• Problem to solve: From the listing below, give again exactly the lines from the line with "Over the Edge Picture 4" to the line with "Comercial - Jardim da Varzea", ends included, without any pictures.

• The data:
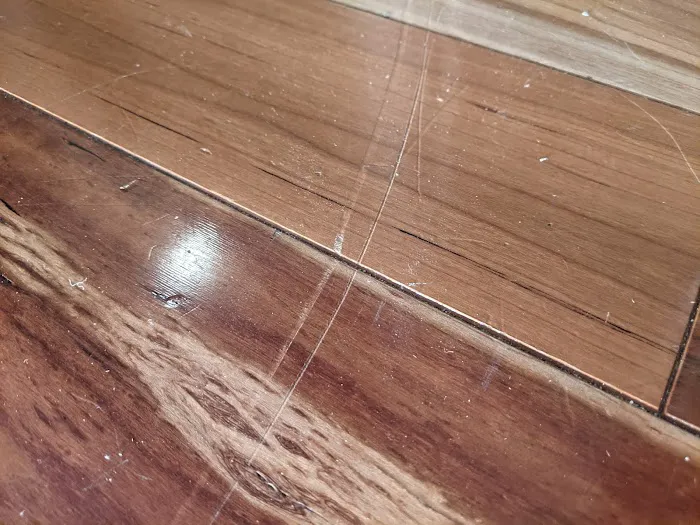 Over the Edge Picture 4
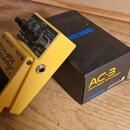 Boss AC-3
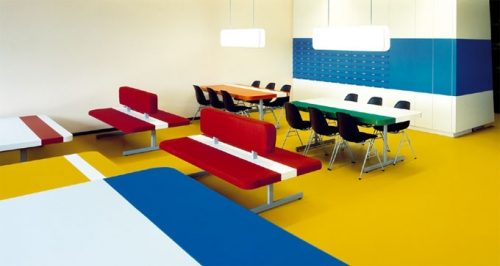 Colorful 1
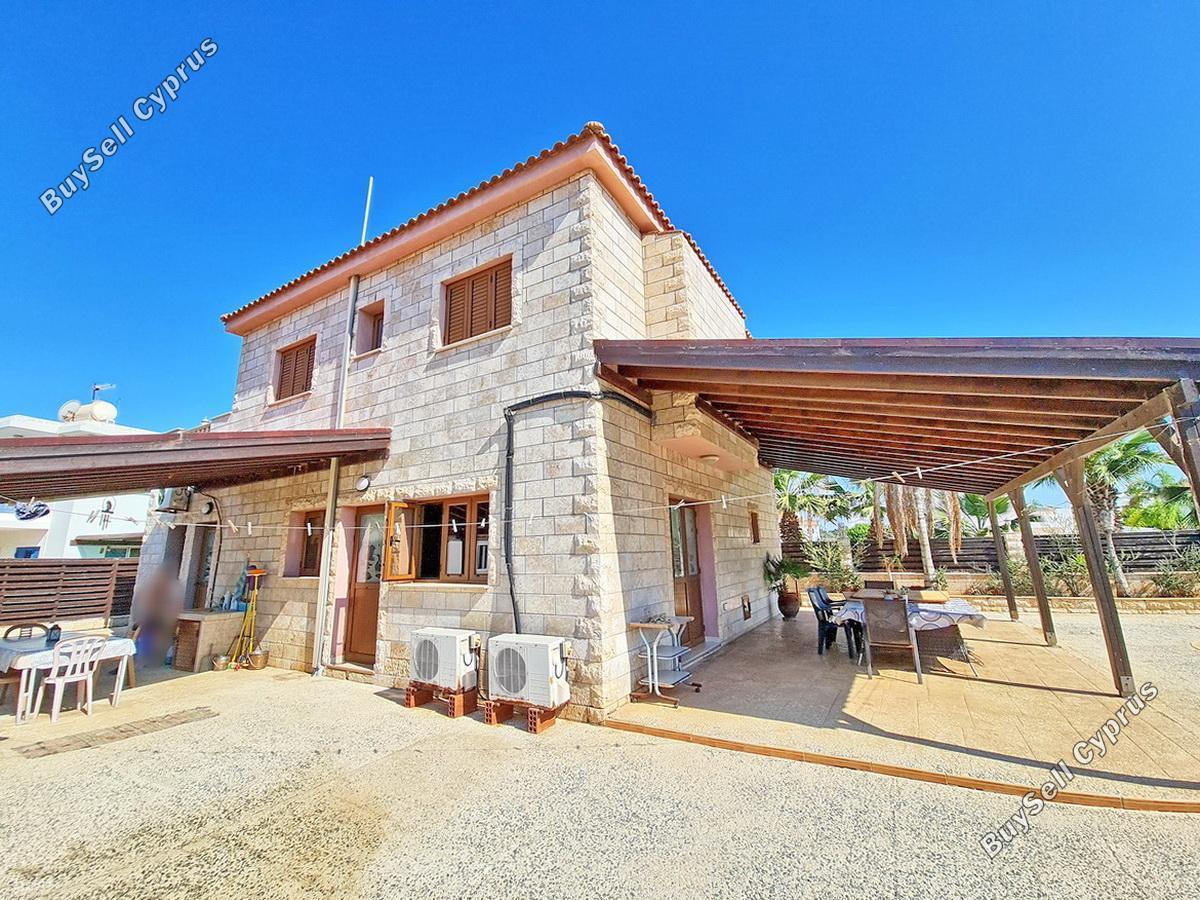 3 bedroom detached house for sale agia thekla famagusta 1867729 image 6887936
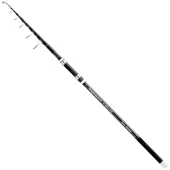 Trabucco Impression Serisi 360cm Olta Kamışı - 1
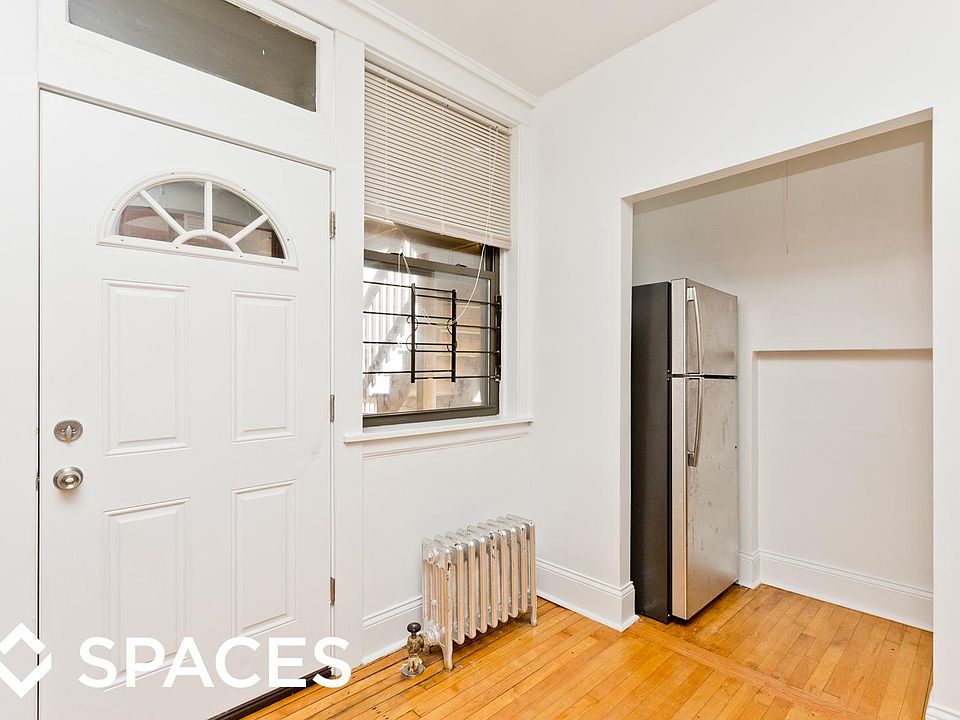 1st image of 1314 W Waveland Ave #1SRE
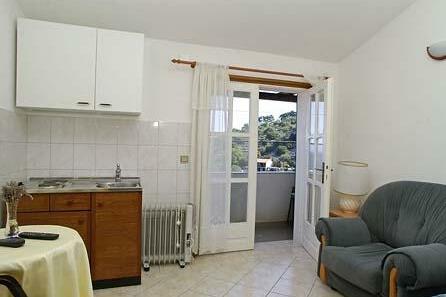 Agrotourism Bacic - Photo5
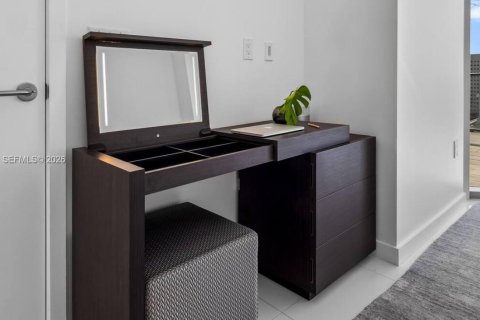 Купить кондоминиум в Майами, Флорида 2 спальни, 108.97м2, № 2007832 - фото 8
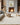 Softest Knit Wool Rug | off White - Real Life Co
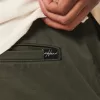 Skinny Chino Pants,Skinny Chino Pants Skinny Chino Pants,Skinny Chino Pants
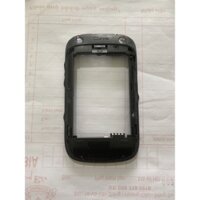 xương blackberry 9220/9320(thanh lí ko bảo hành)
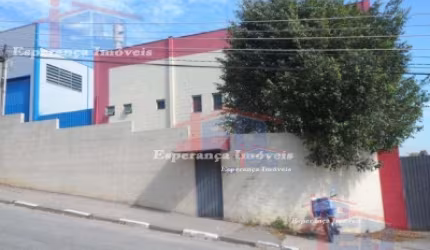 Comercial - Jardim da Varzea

...

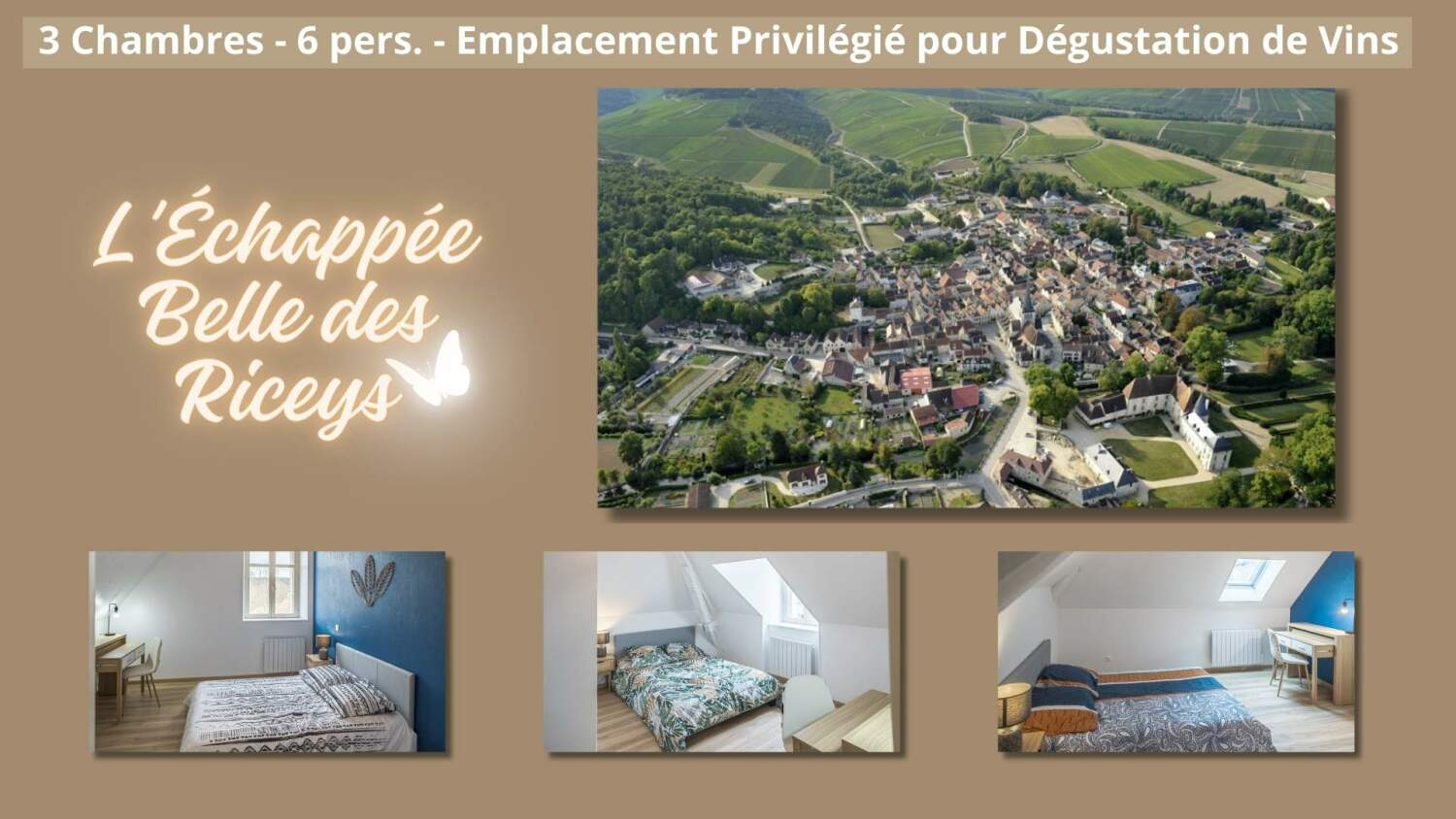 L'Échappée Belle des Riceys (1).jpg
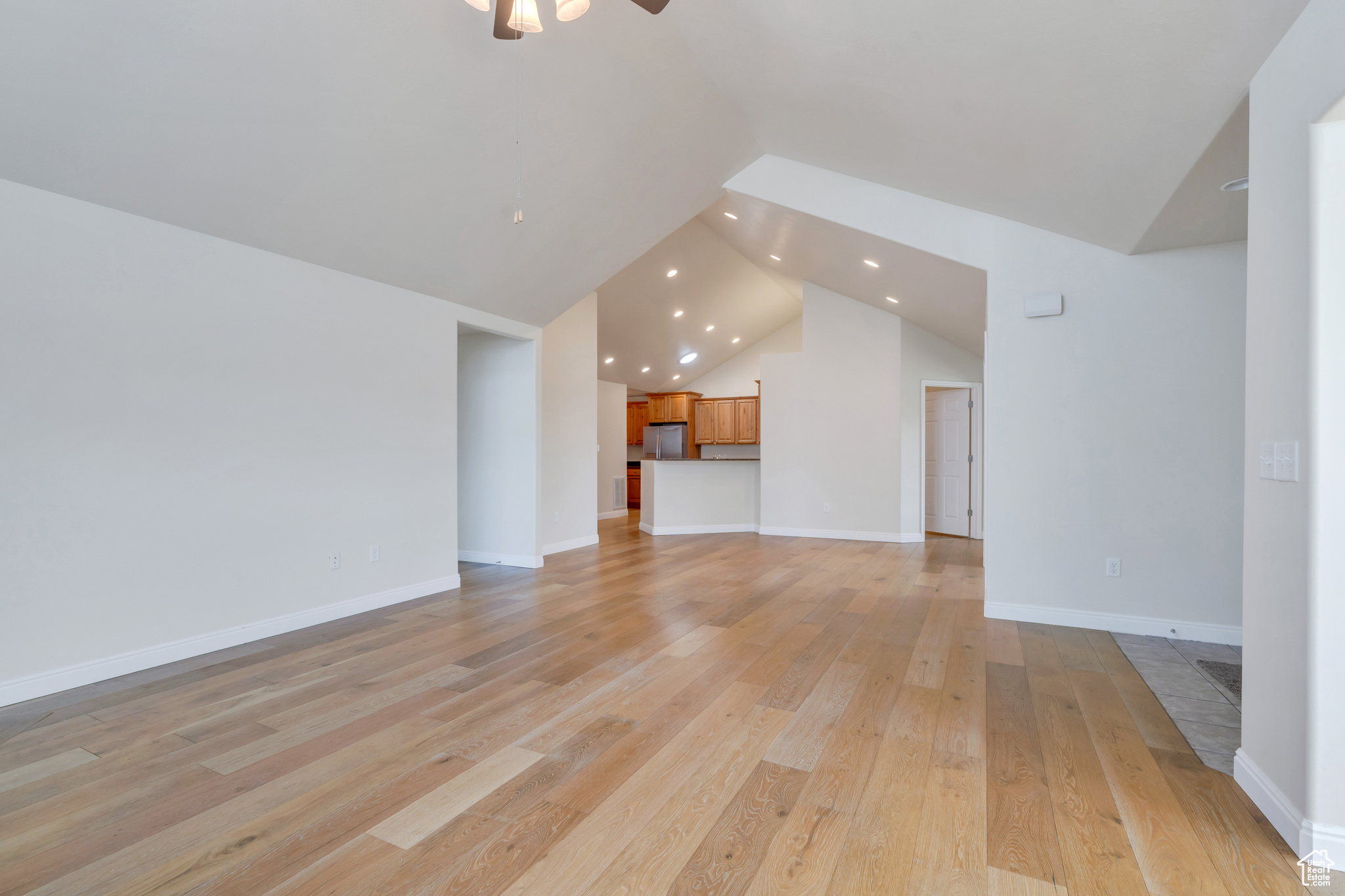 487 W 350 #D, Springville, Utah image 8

• Worked solution:
 Over the Edge Picture 4
 Boss AC-3
 Colorful 1
 3 bedroom detached house for sale agia thekla famagusta 1867729 image 6887936
 Trabucco Impression Serisi 360cm Olta Kamışı - 1
 1st image of 1314 W Waveland Ave #1SRE
 Agrotourism Bacic - Photo5
 Купить кондоминиум в Майами, Флорида 2 спальни, 108.97м2, № 2007832 - фото 8
 Softest Knit Wool Rug | off White - Real Life Co
 Skinny Chino Pants,Skinny Chino Pants Skinny Chino Pants,Skinny Chino Pants
 xương blackberry 9220/9320(thanh lí ko bảo hành)
 Comercial - Jardim da Varzea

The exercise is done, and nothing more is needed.